Hey! I was wondering if anyone had any ideas for names?

*I REALLY LIKE:*
- Holiday inspired names (Tinsel, Garland, Ornament and Winter are some of my fish hahaha)Halloween, Christmas, Thanksgiving, Valentines Day, anything.
- Any Valentines Day ideas since he's pink? *(that would be prefered if possible but I'm open to other ideas!)*
- Disney characters (I'm a Disney freak)
- Human first names (Heather, Brent)
- Variations of words into a first name (ex. Skyden)

*I REALLY DISLIKE:*
- Anime names
- Asian names
- Any Nickelodeon characters (Spongebob, Patrick, etc.)
- Pinky
- Cupcake
- Baby
- Unoriginality 




THANK YOU TO ANYONE WHO HELPS. 

(he's my avatar if you want an idea)


----------



## Lost Eventide (Jun 30, 2012)

Well, for Valentine's day inspired names:
 Valentino
 Cupid
 Eros (Greek counterpart of Cupid)
 Hart/Heart
 Amor/Amore (means "love" in Italian)

Disney names:
 Naveen (_Princess and the Frog_)
 Lumiere (_Beauty and the Beast_)
 Sebastian (_The Little Mermaid_)
 Urchin (_The Little Mermaid_)
 Smee (_Peter Pan_)
 Pascal (_Tangled_)

That's all I have for the time being xD May have more later, lol.


----------



## Jrf456 (Jun 23, 2011)

Thank you so much, Lost!

I loooooove Valentino and Naveen. Hmm, this one will be tough. Unless you come up with more, it's down to Valentine, Valentino or Naveen.


----------



## Jrf456 (Jun 23, 2011)

Naveen would be perfect for a romantic-Disney feel, Naveen is a very flirtatious character xD


----------



## dramaqueen (Jul 7, 2008)

Pink Floyd.

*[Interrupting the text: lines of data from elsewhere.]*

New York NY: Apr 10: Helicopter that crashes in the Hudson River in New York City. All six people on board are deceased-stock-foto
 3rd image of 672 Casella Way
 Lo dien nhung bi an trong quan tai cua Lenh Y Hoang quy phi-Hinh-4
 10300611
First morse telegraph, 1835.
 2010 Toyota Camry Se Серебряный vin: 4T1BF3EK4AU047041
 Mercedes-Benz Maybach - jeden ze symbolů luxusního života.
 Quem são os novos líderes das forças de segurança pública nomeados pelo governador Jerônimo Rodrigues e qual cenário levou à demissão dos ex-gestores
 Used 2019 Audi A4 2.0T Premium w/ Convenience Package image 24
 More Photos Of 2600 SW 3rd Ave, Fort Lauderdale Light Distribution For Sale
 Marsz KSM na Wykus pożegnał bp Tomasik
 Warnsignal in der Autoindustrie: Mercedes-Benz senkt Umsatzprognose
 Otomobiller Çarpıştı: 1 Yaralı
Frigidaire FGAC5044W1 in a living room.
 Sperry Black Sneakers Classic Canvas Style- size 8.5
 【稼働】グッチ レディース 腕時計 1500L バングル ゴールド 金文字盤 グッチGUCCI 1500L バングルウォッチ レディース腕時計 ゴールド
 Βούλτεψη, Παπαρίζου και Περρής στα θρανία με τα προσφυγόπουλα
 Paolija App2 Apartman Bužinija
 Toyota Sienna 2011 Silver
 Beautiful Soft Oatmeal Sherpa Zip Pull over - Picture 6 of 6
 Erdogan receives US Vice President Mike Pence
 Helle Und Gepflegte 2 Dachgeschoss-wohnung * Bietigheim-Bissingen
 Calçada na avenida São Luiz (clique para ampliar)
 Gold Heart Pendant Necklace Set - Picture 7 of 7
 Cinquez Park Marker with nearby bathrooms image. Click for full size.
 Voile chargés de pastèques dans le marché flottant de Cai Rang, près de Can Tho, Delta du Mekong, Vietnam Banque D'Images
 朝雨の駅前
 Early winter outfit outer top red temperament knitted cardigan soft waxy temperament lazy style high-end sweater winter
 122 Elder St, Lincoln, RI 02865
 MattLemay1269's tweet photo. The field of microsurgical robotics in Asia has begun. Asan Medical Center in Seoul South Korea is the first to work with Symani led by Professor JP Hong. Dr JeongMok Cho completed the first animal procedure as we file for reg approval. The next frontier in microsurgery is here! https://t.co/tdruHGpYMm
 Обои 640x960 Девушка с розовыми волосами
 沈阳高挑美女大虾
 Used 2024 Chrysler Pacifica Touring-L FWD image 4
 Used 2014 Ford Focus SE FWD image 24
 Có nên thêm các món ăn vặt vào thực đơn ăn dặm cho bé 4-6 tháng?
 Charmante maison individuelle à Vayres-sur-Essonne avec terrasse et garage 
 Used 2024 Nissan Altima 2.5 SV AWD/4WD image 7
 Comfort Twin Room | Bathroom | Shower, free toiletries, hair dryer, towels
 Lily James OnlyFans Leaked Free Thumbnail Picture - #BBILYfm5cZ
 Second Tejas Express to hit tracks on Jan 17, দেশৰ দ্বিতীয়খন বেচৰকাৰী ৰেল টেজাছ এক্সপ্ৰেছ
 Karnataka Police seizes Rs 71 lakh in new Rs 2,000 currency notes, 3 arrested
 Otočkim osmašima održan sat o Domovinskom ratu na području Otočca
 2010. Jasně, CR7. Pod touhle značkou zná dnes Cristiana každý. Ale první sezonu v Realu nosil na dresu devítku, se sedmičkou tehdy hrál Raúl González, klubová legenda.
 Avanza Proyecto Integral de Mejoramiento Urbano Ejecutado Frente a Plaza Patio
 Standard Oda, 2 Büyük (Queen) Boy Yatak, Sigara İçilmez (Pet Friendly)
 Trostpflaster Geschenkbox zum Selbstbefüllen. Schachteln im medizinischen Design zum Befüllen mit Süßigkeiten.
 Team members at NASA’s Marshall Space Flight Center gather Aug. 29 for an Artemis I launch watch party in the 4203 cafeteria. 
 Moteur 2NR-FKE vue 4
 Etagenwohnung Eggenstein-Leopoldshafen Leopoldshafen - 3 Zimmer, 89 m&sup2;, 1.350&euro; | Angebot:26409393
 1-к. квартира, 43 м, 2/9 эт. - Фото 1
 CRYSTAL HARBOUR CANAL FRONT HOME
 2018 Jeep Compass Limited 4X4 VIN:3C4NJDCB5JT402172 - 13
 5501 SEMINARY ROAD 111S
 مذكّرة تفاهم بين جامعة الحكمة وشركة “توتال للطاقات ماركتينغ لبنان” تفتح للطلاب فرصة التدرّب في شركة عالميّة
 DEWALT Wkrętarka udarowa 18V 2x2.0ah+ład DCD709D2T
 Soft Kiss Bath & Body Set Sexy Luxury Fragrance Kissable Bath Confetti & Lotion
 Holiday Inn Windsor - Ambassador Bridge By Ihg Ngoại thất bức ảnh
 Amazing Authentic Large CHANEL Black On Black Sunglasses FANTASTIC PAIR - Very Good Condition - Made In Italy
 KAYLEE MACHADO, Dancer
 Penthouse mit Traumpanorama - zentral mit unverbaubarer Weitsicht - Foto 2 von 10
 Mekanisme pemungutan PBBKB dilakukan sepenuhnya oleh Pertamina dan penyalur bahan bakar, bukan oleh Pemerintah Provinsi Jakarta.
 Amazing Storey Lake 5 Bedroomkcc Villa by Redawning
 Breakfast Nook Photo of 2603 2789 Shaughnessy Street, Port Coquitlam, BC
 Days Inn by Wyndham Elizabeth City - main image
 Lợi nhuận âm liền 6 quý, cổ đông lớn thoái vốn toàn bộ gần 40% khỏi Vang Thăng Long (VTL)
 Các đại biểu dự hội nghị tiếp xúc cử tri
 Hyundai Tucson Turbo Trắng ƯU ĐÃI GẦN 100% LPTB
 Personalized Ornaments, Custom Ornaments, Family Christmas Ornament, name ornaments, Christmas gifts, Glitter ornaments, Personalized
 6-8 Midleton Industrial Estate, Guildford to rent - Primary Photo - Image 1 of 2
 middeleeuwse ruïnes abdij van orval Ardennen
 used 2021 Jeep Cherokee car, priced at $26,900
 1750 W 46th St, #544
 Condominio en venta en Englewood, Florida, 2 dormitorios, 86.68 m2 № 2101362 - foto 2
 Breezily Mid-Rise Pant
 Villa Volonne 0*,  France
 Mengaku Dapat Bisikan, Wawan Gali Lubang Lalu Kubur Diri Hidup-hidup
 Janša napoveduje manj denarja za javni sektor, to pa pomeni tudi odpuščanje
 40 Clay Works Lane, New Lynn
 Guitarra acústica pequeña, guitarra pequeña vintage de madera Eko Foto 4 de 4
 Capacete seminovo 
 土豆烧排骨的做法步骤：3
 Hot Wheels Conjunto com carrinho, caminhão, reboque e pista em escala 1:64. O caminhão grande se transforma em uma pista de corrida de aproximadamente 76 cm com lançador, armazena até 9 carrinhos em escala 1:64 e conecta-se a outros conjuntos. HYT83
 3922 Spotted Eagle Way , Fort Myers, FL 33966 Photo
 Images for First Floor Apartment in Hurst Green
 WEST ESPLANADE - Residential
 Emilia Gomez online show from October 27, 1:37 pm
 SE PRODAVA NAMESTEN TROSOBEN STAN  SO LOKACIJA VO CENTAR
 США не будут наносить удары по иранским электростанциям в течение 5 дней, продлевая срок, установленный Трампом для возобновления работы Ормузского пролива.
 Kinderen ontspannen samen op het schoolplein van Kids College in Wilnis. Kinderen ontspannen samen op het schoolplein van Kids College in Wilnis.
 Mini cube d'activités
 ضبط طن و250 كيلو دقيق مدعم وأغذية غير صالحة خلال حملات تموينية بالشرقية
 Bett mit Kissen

Lol


----------



## xShainax (Feb 11, 2012)

I like Pink Floyd like Dramaqueen said


----------



## TuckerLove (Jun 10, 2012)

I like Val or Valentino


----------



## Lost Eventide (Jun 30, 2012)

Not a problem~

I like Naveen myself |D; I loved him in the movie, and I can totally see him as a pink fish smoozing with the ladies, lol!


----------



## Jrf456 (Jun 23, 2011)

Lost Eventide said:


> Not a problem~
> 
> I like Naveen myself |D; I loved him in the movie, and I can totally see him as a pink fish smoozing with the ladies, lol!


Hahahaha me too! The only thing is that I also picture him as a frog & or a green fish :/ 

Thank you so much for the suggestions everyone, Dramaqueen, that's a very cute idea, but I don't listen to them xD

I think that Valentine or Valentino are the final two.. :3


----------